▸ What you have to do:
In the entries that follow, find the line containing "Wappen von Hovězí" and the line containing "Camera Battery Came-tv CS-F750MU", then copy exactly everything from the first through the second except the pictures.

▸ Records provided:
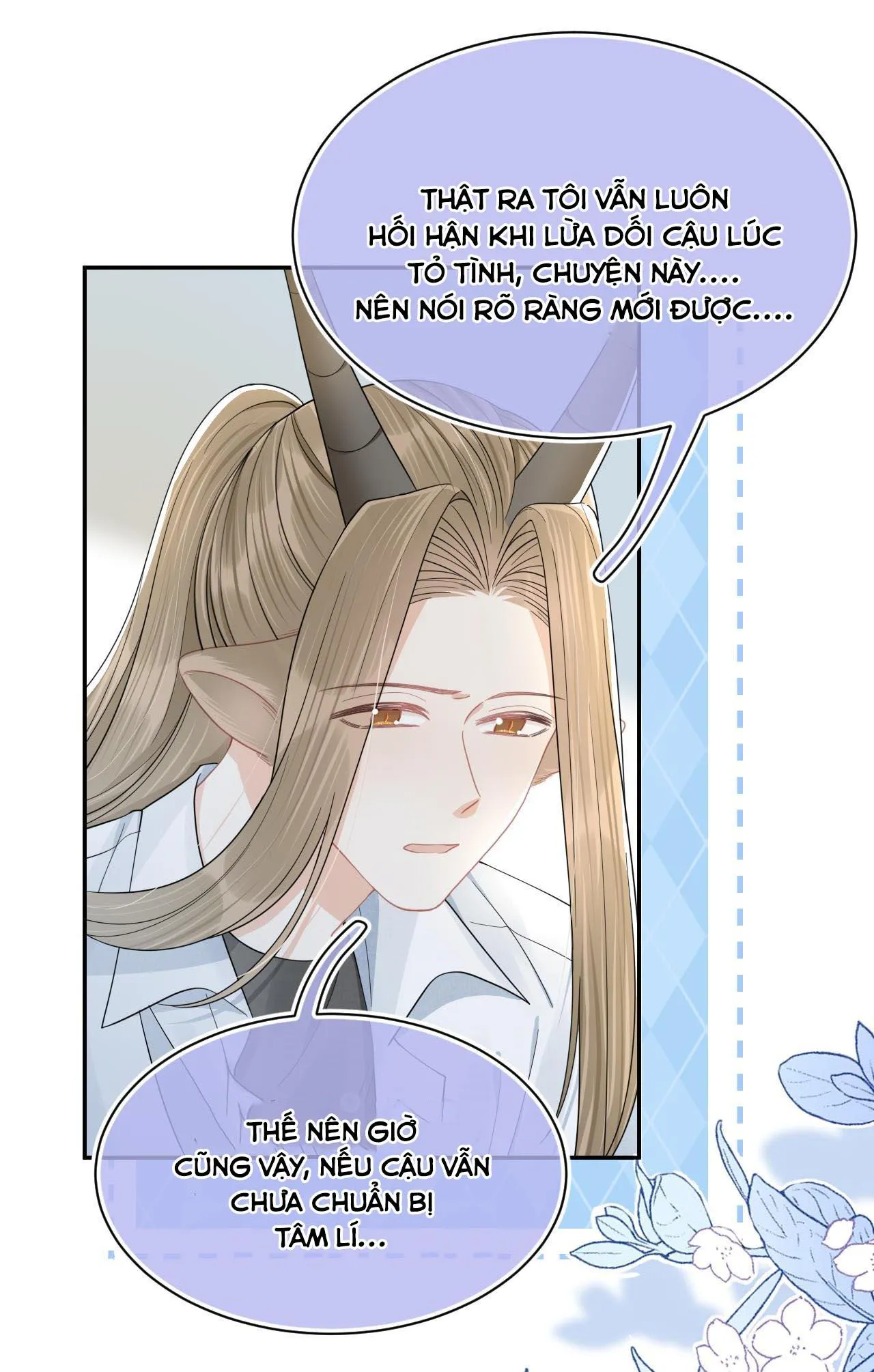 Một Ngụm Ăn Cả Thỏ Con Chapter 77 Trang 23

...

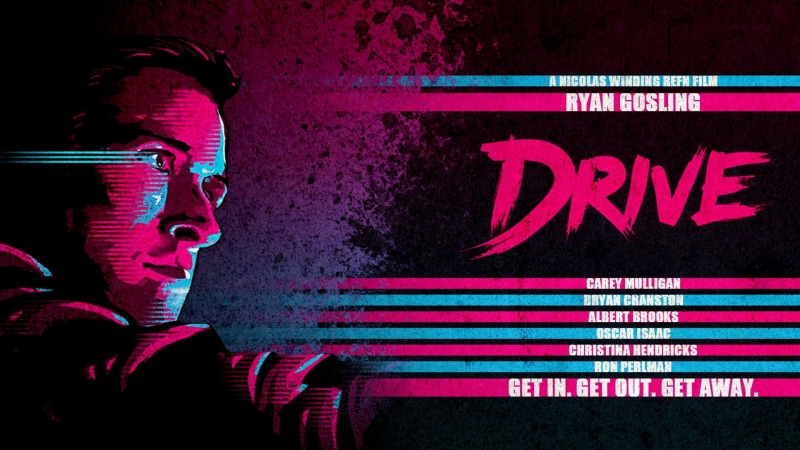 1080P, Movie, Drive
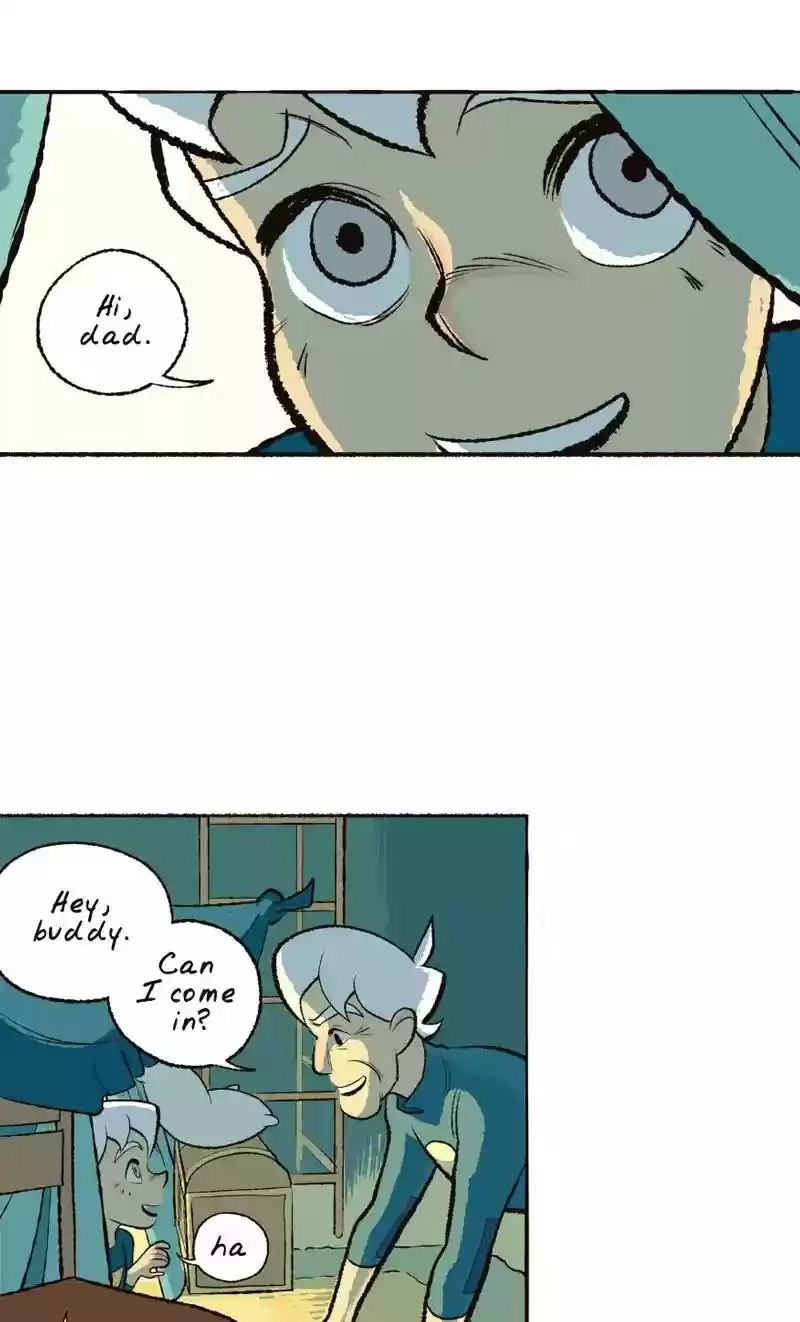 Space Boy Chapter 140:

* * *

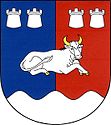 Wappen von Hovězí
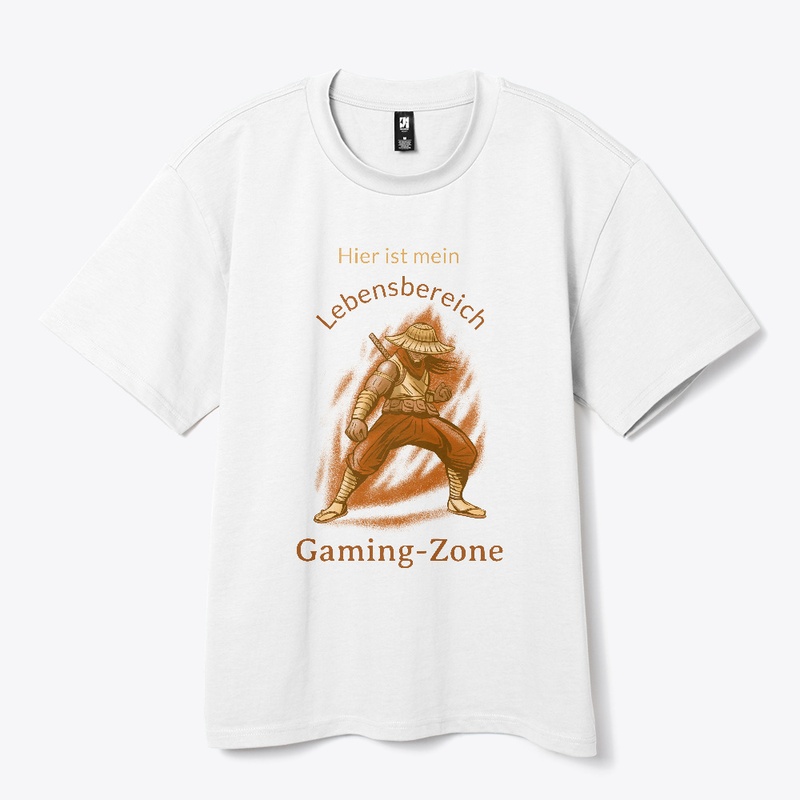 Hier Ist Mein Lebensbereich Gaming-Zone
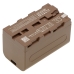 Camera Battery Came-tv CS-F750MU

▸ Solution for this problem:
 Wappen von Hovězí
 Hier Ist Mein Lebensbereich Gaming-Zone
 Camera Battery Came-tv CS-F750MU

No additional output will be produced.